As the article shows, it is a bug in iTerm2. cat is just one program that could trigger it, the key thing is outputting attacker controlled text to the terminal when the attacker can control what files are present (ie unzipping a folder that includes a specific executable file at a well chosen location that gets triggered to run when the readme is output to the terminal)
I never understood why outputting unescaped data is viewed differently from generating unenclosed html.
Like why doesn't `println` in a modern language like rust auto-escape output to a terminal, and require a special `TerminalStr` to output a raw string.
I think the problem is that 1) You want to be able to write arbitrary bytes, including shell escape sequences into files. 2) You don't want to accidentally write terminal escape sequences to stdout. 3) Stdout is modeled as a file.

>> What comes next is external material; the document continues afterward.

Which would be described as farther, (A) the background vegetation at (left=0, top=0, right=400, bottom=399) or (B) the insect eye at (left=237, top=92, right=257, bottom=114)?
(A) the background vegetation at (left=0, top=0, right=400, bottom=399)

Consider cat. It's short for concatenate. It concatenates the files based to it as arguments and writes them to stdout, that may or may not be redirected to a file. If it didn't pass along terminal escapes, it would fail at its job of accurate concatenation.
Now I don't mean to dismiss your idea, I do think you are on the right track. The question is just how to do this cleanly given the very entrenched assumptions that lead us where we are.
It's a different question whether cat should be doing that, though – it's an extremely low level tool. What's wrong with `less`? (Other than the fact that some Docker images seem to not include it, which is pretty annoying and raises the question as to whether `docker exec` should be filtering escape sequences...)
A long, long time ago, it was literally possible to stuff the command buffer of a “dumb terminal” using ESC sequences and spoof keyboard input. So yeah, don’t count on ’cat’ being safe if your terminal isn’t!
I did this in 1985 on SOROC terminals we had in my first job out of college. However, it depended on the dip switch settings that were under a little door on top of the keyboard.
I used to leave a file called README in my public ftp directory that just said:
README: no such file or directory
One glorious day somebody finally sent me email complaining that they could not read the README file. I advised them to use "emacs README" instead of using cat. I was sorely disappointed they never sent me back a thank you note for correctly suggesting that emacs was the solution to their problem. It was my finest moment in passive aggressive emacs evangelism.